“Jaws,” is a film that is at the top of many lists as the best action film ever made. It tells the story of the fictional east coast vacation town of Amity Island and the killer shark that wreaks havoc on swimmers during one bloody summer. The original story about the killer shark came from Peter Benchley’s novel Jaws that he published three years before the film adaptation was released. The shark’s first victim is a young beachgoer named Chrissie Watkins (Susan Backlinie) who enters the ocean water intending to have a playful swimming adventure with her drunken beau. Fortunately for the dude, he passes out on the beach before entering the water, completely oblivious to the gruesome attack that kills his girlfriend until her remains are discovered on the beach by local law enforcement. By the way, I am using the terms “boyfriend” and “girlfriend” loosely here because I’m quite certain they met on that beach for the first time earlier that evening. The scene is terrifying and introduces us to the now infamous film score by John Williams. The most gripping moments of the film are when we are only alerted to the shark’s presence by the thumping film score- pure genius.
The illusion of the danger in “Jaws” makes the film much more suspenseful than if the horrors were just laid out on the table. One reason Spielberg used the technique of alluding to the presence of the shark versus just showing us the shark was due to the mechanical malfunction that often rendered the sled shark contraption unreliable. Spielberg said the choice to shoot on the ocean came with a tremendous amount of difficulties, but his relentlessness and youthful confidence drove the picture forward. My only issue with this film is that mechanical shark. It looks ridiculous most of the time, and I know beyond a shadow of a doubt that a shark wouldn’t jump on the back of a boat like some beached whale and leave its mouth open for stuff to fall right in.
Now, let’s dive into why this film insights absolute terror. I can imagine watching this film in 1975 and feeling complete and total horror at the thought of being attacked by a killer shark. Back in ’75, people were just starting to get a glimpse of the gory horror films to come, and I imagine the images of violence in this film, though tame to us nowadays, were shocking to many. When we see Chrissy get tugged at from below, our hearts drop into the pits of our stomachs. The shark introduces itself by taking a small nibble, and then absolute carnage follows- when they find her remains, our worst fears are realized.

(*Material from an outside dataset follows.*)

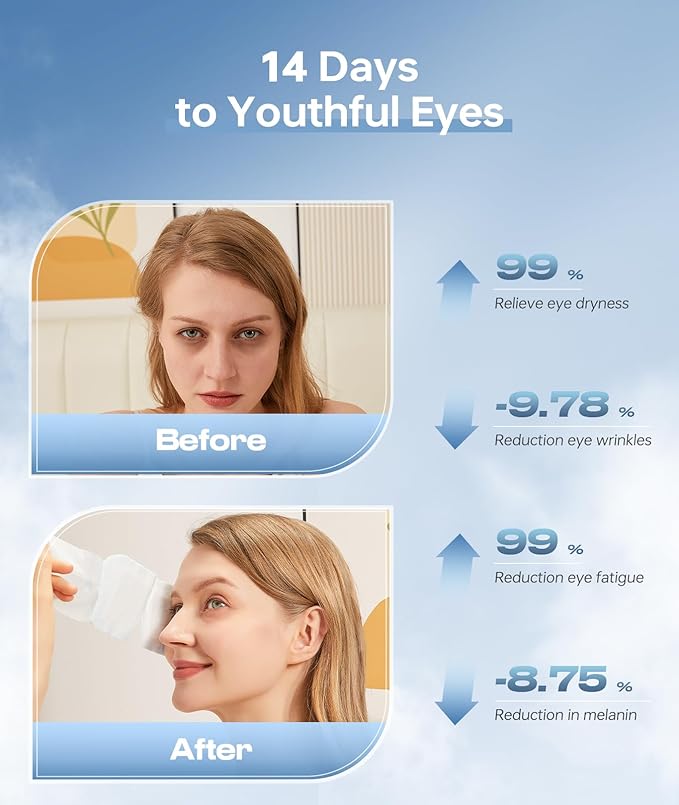 Hyaluronic Acid Self Heating Warm Compress for Eyes, Heated Eye Mask for Fast Relief of Dry Eyes, 14 Pack Steam Eye Mask, Moisturizing & Highly Effective Steam Eye Mask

In my favorite scene in the film, Quint tells the story of his time on the USS Indianapolis during WWII and describes the time he spent in the water after the ship sunk. His story is haunting, and we see a scarred man exposed while getting a glimpse of his personal vendetta towards the world’s oldest predator. Robert Shaw’s delivery is priceless and demonstrates the expertise of a true artist. If you were to only watch this film for one reason, that reason should be because that scene is legendary. As they get closer and closer to the shark, Quint begins to sabotage their lifelines and connections to safety, ensuring that the only possible outcome of this venture is either the shark’s death or theirs.
A particularly masterful characteristic of this film is how they humanize the characters. The details are amazing- from Chief Brody’s playful banter with his wife, to him knocking over a container of paintbrushes at the store (how awful that experience looked). We see the conflict between the Mayor and Brody over how they should handle the shark attack situation. We see Alex Kipner’s mom wading helplessly in the surf calling her son’s name desperately as the rest of the beachgoers stare at her clutching their whole families in their arms. The casting of this film was rich; Roy Scheider, Robert Shaw, and Richard Dreyfuss compliment each other so well that your suspended disbelief is well rewarded, and you begin to see them as actual people working towards a common goal. As we are blitzed by the shark attacks, inept city officials, and the shark-obsessed Quint, we are also given reprieve with soft bits of subtle humor, especially between Matt Hooper (Dreyfuss) and Quint (Shaw). Shaw’s now iconic performance of Quint is a thing of beauty: the majority of his lines are insults being hurled towards the affluent Hooper, commenting on his appearance, his money, and his hands, describing his condition as a result of “counting money all your life.” The tension between them is palpable throughout the entire film.
“Jaws” was released in the summer of 1975, opening in an unprecedented number of theatres throughout the US. Everything about this film’s release was groundbreaking at the time, from the number of theaters hosting the film to the sheer volume of pre-release publicity ushered in by Universal Pictures. This film inspired the term “blockbuster” and changed the way film studios approach the summer movie season. Spielberg’s adaptation turned out to be a huge success and is still influencing audiences 42 years after its release. It has been one of my favorite movies since I was a kid, and it was the entertainment at my tenth birthday sleepover. I forced every friend I had at the time to watch “Jaws” and all of its sequels while eating lipstick shaped birthday cake and painting our nails. It was the best party I have ever thrown.